[Opening MATERIAL PROVIDED section]
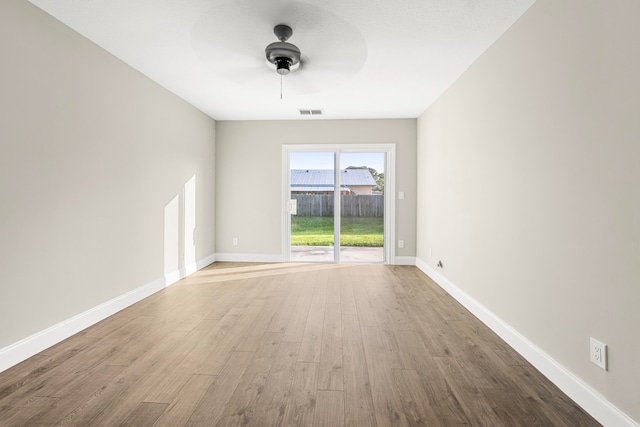 unfurnished room featuring ceiling fan and light hardwood / wood-style floors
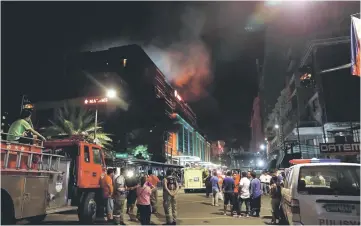  ??  ?? Evacuated employees and guests of hotels stand along a road and watch as smoke billows from a Resorts World building in Pasay City, Metro Manila.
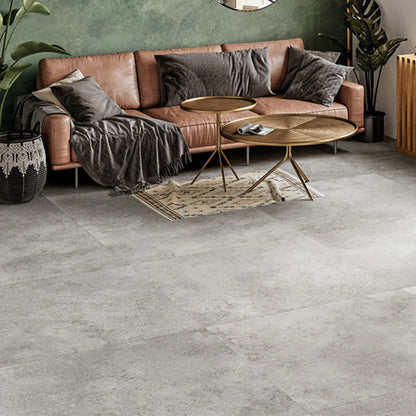 Grey stone effect porcelain floor tile installed in modern living room, Colosseo Grigio 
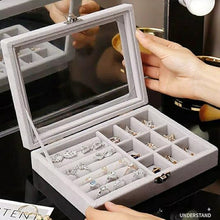Load image into Gallery viewer, Gray jewelry box with compartments filled with earrings, held by a hand.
[Closing MATERIAL PROVIDED section]
> [AIM OF THE EXERCISE]: Give back all the material exactly, with no pictures.

> [YOUR RESPONSE]:
 unfurnished room featuring ceiling fan and light hardwood / wood-style floors
  ??  ?? Evacuated employees and guests of hotels stand along a road and watch as smoke billows from a Resorts World building in Pasay City, Metro Manila.
 Grey stone effect porcelain floor tile installed in modern living room, Colosseo Grigio 
Load image into Gallery viewer, Gray jewelry box with compartments filled with earrings, held by a hand.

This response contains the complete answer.